History of Western Fire Management Could Provide Model for Future
Friday, May 18, 2018
MISSOULA, Mont. – Another intense fire season is expected and just around the corner in Montana. Could the solution to severe fire years in the future actually be putting more burns on the landscape?
Mark Finney, a research forester at the U.S. Forest Service's Missoula Fire Sciences Lab, says fires have historically burned across Montana with less intensity. He notes the present strategy for dealing with fires is focused on suppression, and it's something firefighters in the West are good at.
But the most intense infernos have escaped managers' control.
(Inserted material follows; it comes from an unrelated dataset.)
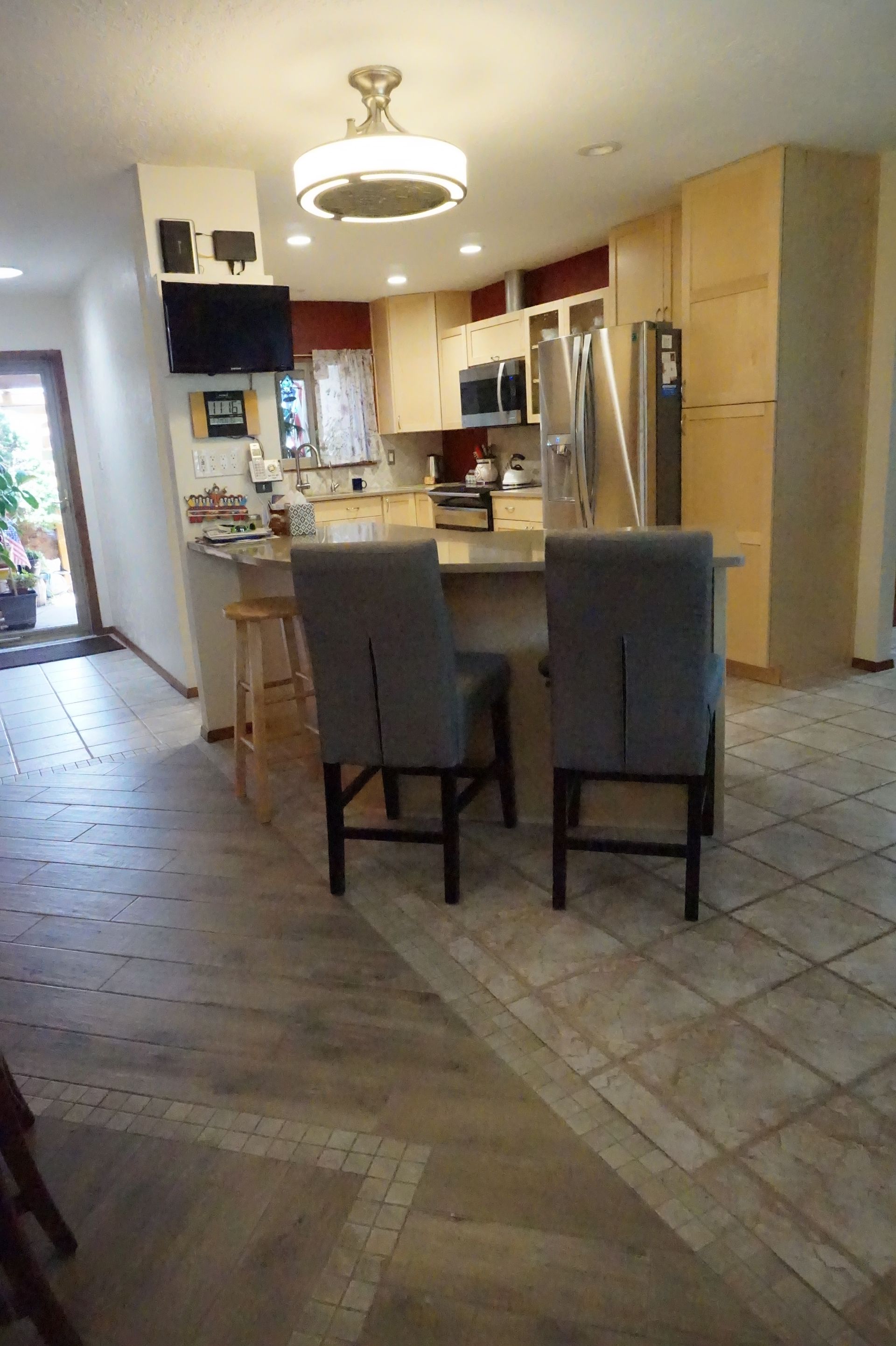 a kitchen with a table and chairs in it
Finney says big fires make up about two percent of blazes but burn 90 percent of the total acreage.
"The only options we have are when to have and what kind to have,” says Finney. “And if we insist on trying to remove all of the fire, all the time we can, then the consequences of that choice are to have only the most extreme fires roaming the landscape."
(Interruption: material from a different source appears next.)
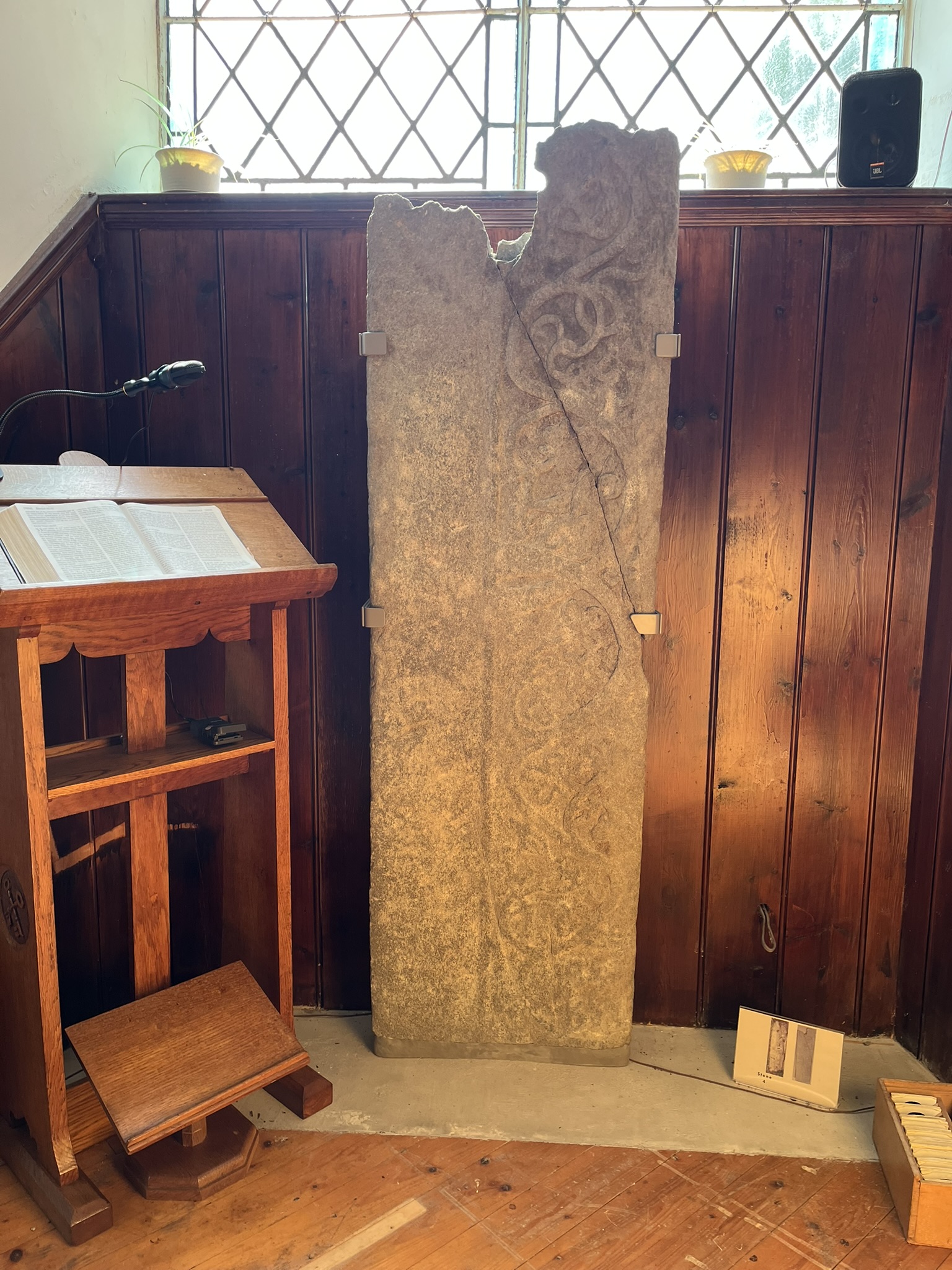 A long grave-slab carved with a running pattern of foliage, propped against the panelling beside the church lectern.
Finney says removing small and moderate fires means biomass that would usually burn instead builds up and turns into fuel for massive fires every few years. About 1.4 million acres burned during Montana's 2017 fire season, the most in state history.
Finney says the history of management could be a guide to maintenance in the future. He notes that the benefits of fire are not as ingrained in western culture as they are in other parts of the country, such as the Southeast. However, knowledge of the need for fires is there.
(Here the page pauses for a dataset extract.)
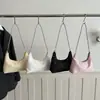 Modelo Nuevo Primavera 2026 Lentejuelas de Estrella Moda de Alto Estilo Bolso Casual Versátil Simple de Gran Capacidad para Hombro o Axila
California timber companies in the late 1800s used prescribed burning to maintain their land. Then, Finney says, a devastating fire at the turn of the century changed the Forest Service's view of management.
"The 1910 fires, which were on the Idaho-Montana divide there, really, really catalyzed the notion that we were going to have to suppress fires and remove them from our forestlands to protect timber supplies, and that they were a threat to professional management," says Finney.
The Great Fire of 1910 in Montana, Idaho and Washington is believed to be the largest single fire in U.S. history. It killed 87 people.
Finney says in fire-dependent ecosystems, there's no substitute for fire. He says it will require a culture change in the West to get used to this idea, but adds that it should be part of the region's management scheme.
"Find out how much and where we need to have fire, and how often,” he says. “Fire has to be built into our land-management planning, our land-management activities, at a scale that is really unprecedented in the last century or so."